> **What the task requires**: From the entries below, output the line with "Pedestal Fruit Tray, Modern" and each following line up to and including the line with "Image of Le", exactly as written.

··· Data provided

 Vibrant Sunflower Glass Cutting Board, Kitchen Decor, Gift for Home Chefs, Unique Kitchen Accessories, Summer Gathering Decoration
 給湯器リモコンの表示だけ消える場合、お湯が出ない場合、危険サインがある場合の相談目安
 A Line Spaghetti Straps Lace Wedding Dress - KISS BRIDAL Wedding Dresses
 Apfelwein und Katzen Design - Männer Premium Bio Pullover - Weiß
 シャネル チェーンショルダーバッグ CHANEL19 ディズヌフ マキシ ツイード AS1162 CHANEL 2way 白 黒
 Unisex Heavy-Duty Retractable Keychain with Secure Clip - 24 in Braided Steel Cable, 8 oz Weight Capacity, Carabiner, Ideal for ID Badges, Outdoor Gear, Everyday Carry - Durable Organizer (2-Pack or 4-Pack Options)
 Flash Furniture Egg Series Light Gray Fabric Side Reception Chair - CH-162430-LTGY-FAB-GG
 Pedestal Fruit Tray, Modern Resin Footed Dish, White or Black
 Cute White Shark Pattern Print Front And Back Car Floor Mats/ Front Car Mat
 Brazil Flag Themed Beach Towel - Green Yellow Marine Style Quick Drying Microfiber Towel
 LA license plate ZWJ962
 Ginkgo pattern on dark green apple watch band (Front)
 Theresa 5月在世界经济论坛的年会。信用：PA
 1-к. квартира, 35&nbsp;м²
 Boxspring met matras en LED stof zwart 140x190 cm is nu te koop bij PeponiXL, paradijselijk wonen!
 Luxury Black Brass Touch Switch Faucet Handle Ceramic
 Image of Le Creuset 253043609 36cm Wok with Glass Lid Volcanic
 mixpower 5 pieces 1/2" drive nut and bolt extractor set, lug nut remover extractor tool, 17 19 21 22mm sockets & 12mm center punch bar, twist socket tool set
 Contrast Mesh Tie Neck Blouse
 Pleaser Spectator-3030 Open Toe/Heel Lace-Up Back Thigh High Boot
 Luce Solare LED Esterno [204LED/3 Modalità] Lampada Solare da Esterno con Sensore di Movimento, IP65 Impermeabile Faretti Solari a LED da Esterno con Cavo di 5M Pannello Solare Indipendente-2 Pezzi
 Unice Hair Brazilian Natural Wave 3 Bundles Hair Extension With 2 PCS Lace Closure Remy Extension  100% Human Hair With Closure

······

> **Response**:
 Pedestal Fruit Tray, Modern Resin Footed Dish, White or Black
 Cute White Shark Pattern Print Front And Back Car Floor Mats/ Front Car Mat
 Brazil Flag Themed Beach Towel - Green Yellow Marine Style Quick Drying Microfiber Towel
 LA license plate ZWJ962
 Ginkgo pattern on dark green apple watch band (Front)
 Theresa 5月在世界经济论坛的年会。信用：PA
 1-к. квартира, 35&nbsp;м²
 Boxspring met matras en LED stof zwart 140x190 cm is nu te koop bij PeponiXL, paradijselijk wonen!
 Luxury Black Brass Touch Switch Faucet Handle Ceramic
 Image of Le Creuset 253043609 36cm Wok with Glass Lid Volcanic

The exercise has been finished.